Please restate word for word all lines from the one containing "My Little Margie #2 — page 2 of 37" to the final line of the entries, and include no pictures.

Dataset content Start Marker

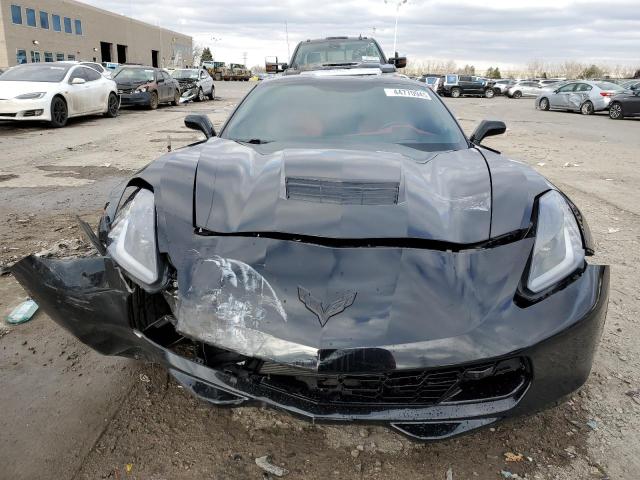 Photo 5 from auction – 2016 CHEVROLET CORVETTE S with VIN 1G1YM2D76G5123902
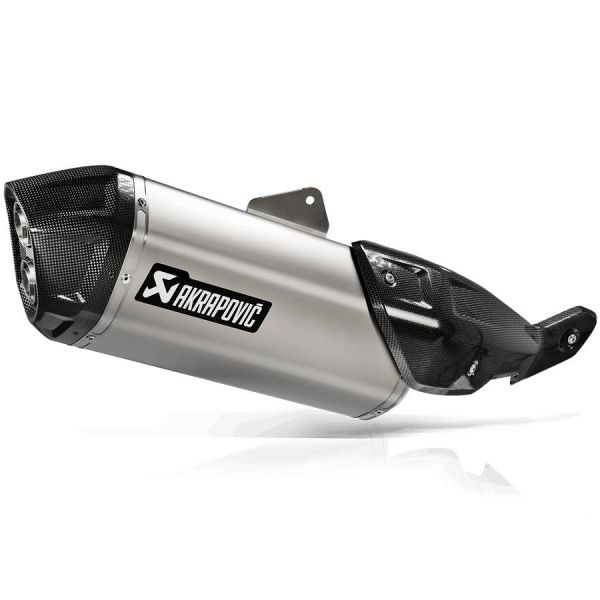 Silenciador Akrapovic Titanio/Carbono Suzuki V-Strom 800 (23-24)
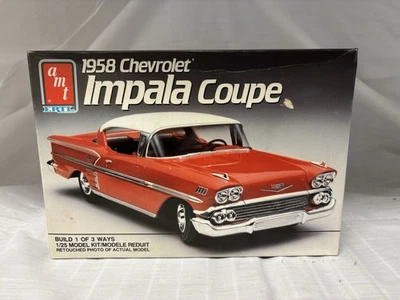 AMT 1958 Chevrolet Impala Coupe - Image 1 of 4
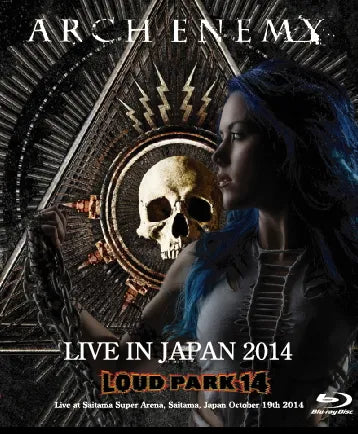 Arch Enemy / LOUD PARK 2014 (2BDR)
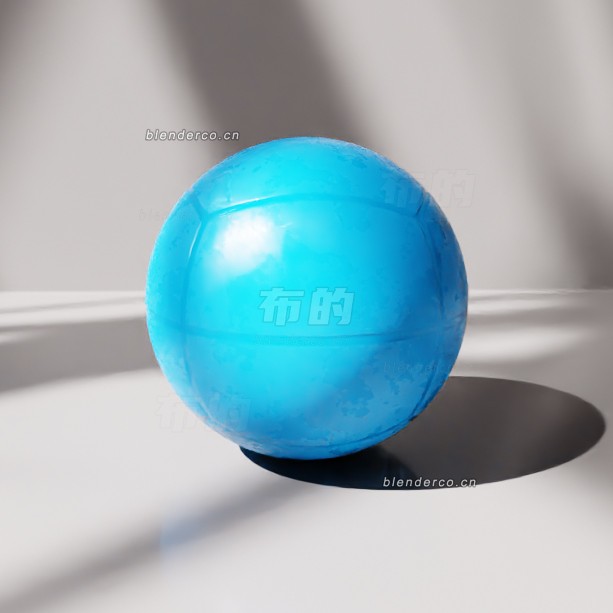 blender曲棍球模型_blender布的73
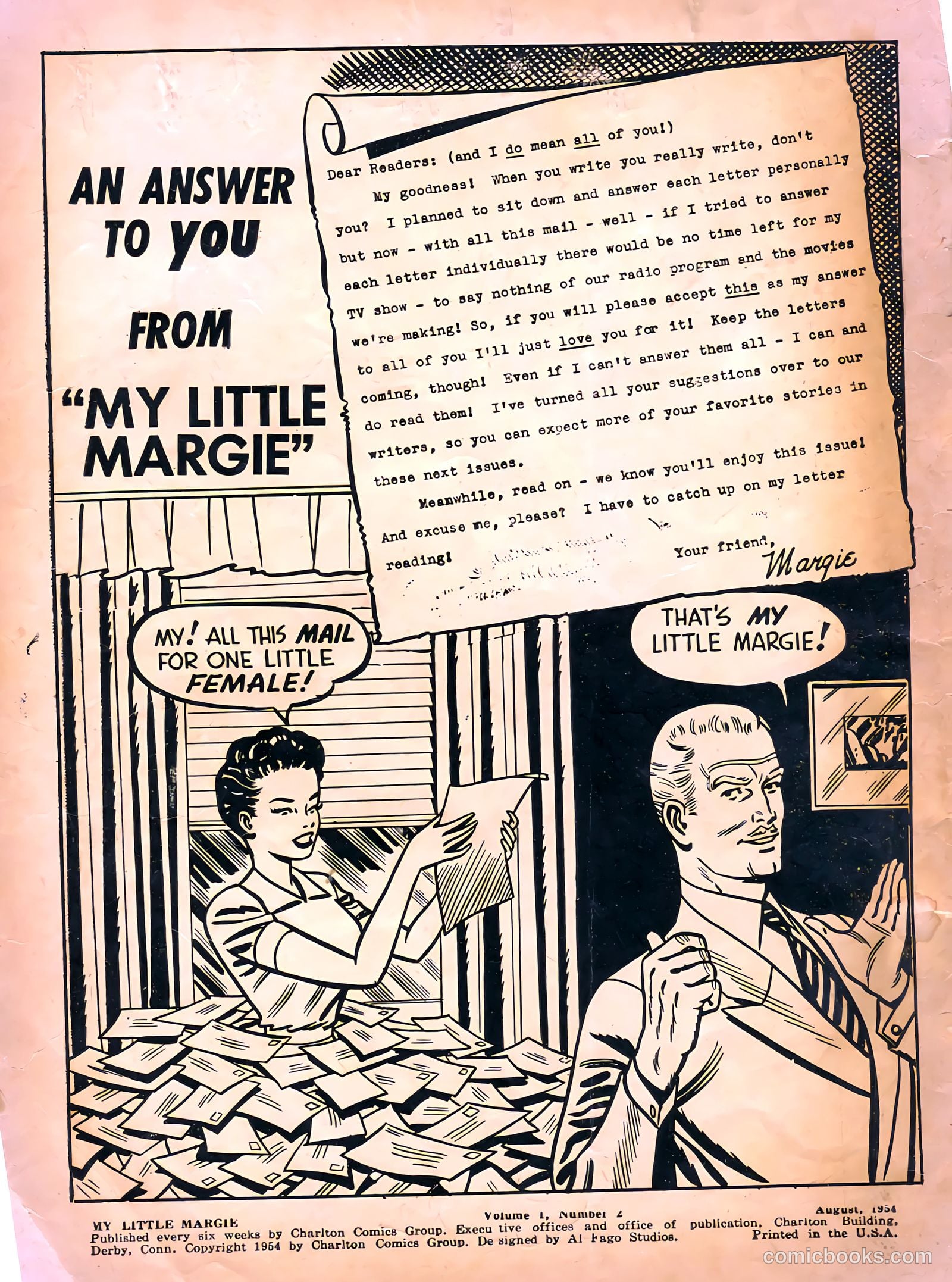 My Little Margie #2 — page 2 of 37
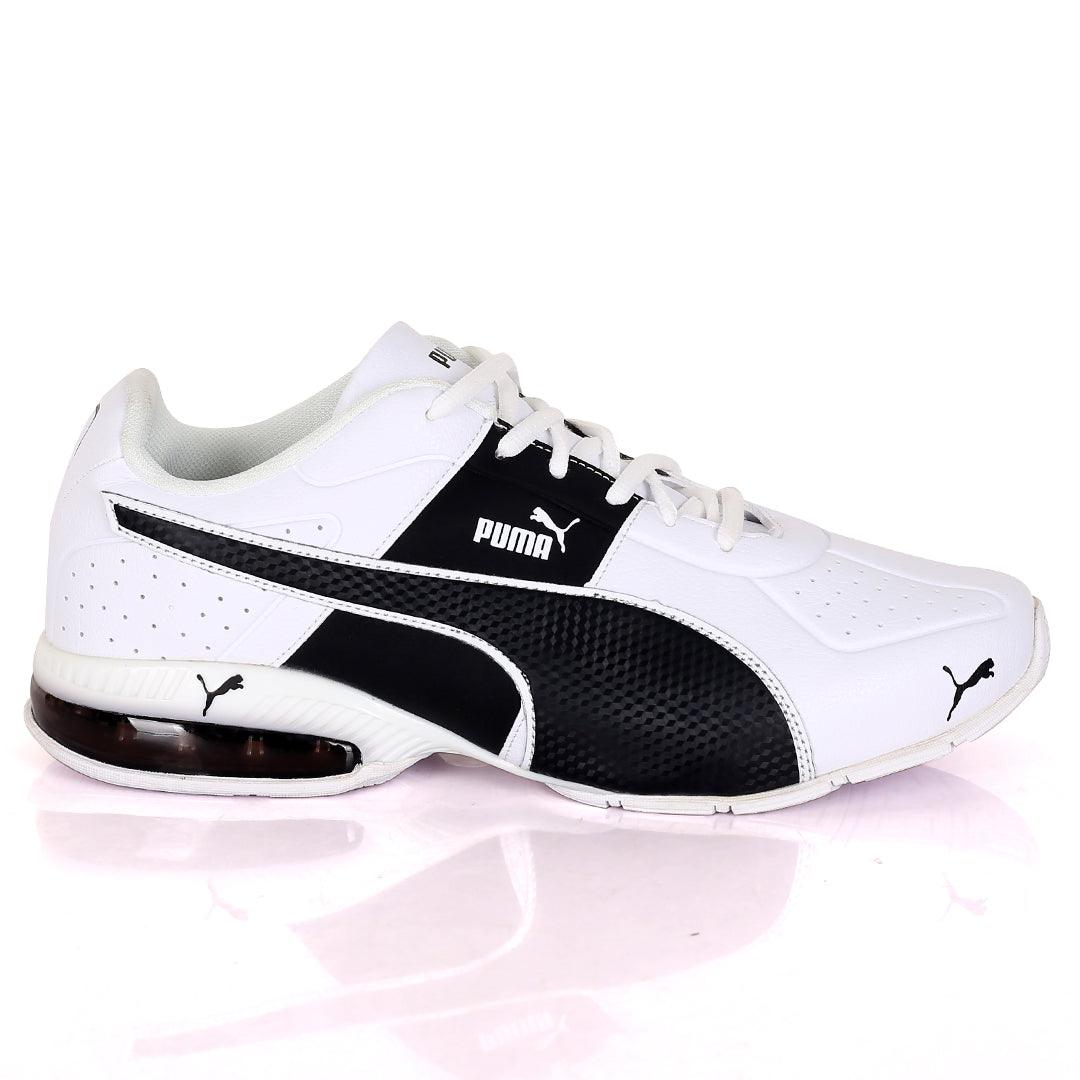 PM Perf White Low Sneakers Designed - Obeezi.com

Dataset content End Marker

Output of the exercise:
 My Little Margie #2 — page 2 of 37
 PM Perf White Low Sneakers Designed - Obeezi.com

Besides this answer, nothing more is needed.